I love the Christmas story. It’s so beautifully poetic. We always read the Christmas story from Luke 2 to our kids on Christmas Eve. It’s part of our Christmas tradition. We eat homemade pizzas while we read. We love to drive around after dinner and see all the Christmas lights in our neighborhood, too. There’s a place nearby that somehow creates a light show set to music that you can hear on the FM dial in the car. No idea how that technology happens! We open presents from each other, then head to bed awaiting Santa (AKA, I’m up most of the night). It really is the most wonderful time of the year.
But while it’s full of wonder, twinkling lights, presents, and homemade pizza (at least in our house!), the story has lost a lot of its inherent messiness and dirt today. When we think of the sites, sounds, and smells of Christmas, twinkling lights, holiday tunes, and pine tree scents come to mind. But the sites, sounds, and smells we associate to Christmas today couldn’t be further from the first century Christmas experience.

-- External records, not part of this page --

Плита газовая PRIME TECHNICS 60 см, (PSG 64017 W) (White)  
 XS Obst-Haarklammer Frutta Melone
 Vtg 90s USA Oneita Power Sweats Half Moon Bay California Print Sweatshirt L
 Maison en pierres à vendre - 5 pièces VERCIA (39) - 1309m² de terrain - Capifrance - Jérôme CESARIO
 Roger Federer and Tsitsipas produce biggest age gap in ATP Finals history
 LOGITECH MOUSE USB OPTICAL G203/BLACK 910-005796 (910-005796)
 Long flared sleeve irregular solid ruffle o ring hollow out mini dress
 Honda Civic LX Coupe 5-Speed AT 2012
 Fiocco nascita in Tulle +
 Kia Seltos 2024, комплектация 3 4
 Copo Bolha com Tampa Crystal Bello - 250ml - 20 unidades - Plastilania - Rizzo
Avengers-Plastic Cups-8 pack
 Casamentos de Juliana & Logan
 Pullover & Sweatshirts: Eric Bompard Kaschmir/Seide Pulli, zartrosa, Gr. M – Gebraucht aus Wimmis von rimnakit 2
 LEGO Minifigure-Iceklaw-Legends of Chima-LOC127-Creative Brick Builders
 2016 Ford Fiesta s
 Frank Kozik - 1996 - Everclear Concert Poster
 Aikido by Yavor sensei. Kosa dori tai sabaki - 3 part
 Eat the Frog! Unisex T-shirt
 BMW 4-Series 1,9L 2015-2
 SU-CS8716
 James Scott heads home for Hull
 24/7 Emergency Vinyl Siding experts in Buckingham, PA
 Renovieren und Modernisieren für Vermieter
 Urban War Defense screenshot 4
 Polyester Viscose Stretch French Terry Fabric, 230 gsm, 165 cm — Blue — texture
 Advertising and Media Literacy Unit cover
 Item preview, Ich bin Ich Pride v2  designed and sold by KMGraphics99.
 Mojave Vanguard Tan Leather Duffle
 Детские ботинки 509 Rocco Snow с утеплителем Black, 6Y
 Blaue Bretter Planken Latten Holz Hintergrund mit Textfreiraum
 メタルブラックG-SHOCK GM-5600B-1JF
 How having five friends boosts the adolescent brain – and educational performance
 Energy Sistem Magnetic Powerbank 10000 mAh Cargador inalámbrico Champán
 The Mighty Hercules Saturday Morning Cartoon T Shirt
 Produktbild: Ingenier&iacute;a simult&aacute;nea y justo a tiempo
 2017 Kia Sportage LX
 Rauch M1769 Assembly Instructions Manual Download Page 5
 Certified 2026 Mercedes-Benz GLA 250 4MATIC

Think about how the first Christmas came to be:
- A census was declared: Have you ever been to the DMV? Good grief! It leaves much to be desired – site, smell and sound included! Worse, this first-century census required people to travel to their original hometown. How many of us ran as far away as we could from our hometown? Now consider going back to your hometown DMV. No thank you!
- The fun of holiday travel: If you think your holiday travel is difficult, try traveling over four days, prego, on a donkey. Did I mention you were pregnant? Oh the sites, smells, and sounds. I remember my wife going into labor just as Atlanta rush hour began. It was an UGLY trip… in our car, with our AC, on the way to a hospital. And it took an hour, not four days.
- Manger labor and delivery: I have four kids, and I was present at each of their births. We were in a hospital. We had doctors and nurses. Not ONCE did a sheep come into the room. No other animals were there, either. Heck, they wouldn’t even allow more than two other adults to be in the room, much less shepherds! The results were beautiful, but the process… I will not review the sites, smells, and sounds of labor and deliver. Use your imagination…
- Shepherd visiting hours: We know that angels led several shepherds to the manger where they (and their sheep) found the 6lb 8oz baby Jesus. They didn’t have all those hand-sanitizing stations that we take for granted today. Instead, they had sheep. I wonder if Joseph was stressed out trying to keep the sheep away from the baby?
- The eighth day… circumcision: Enough said.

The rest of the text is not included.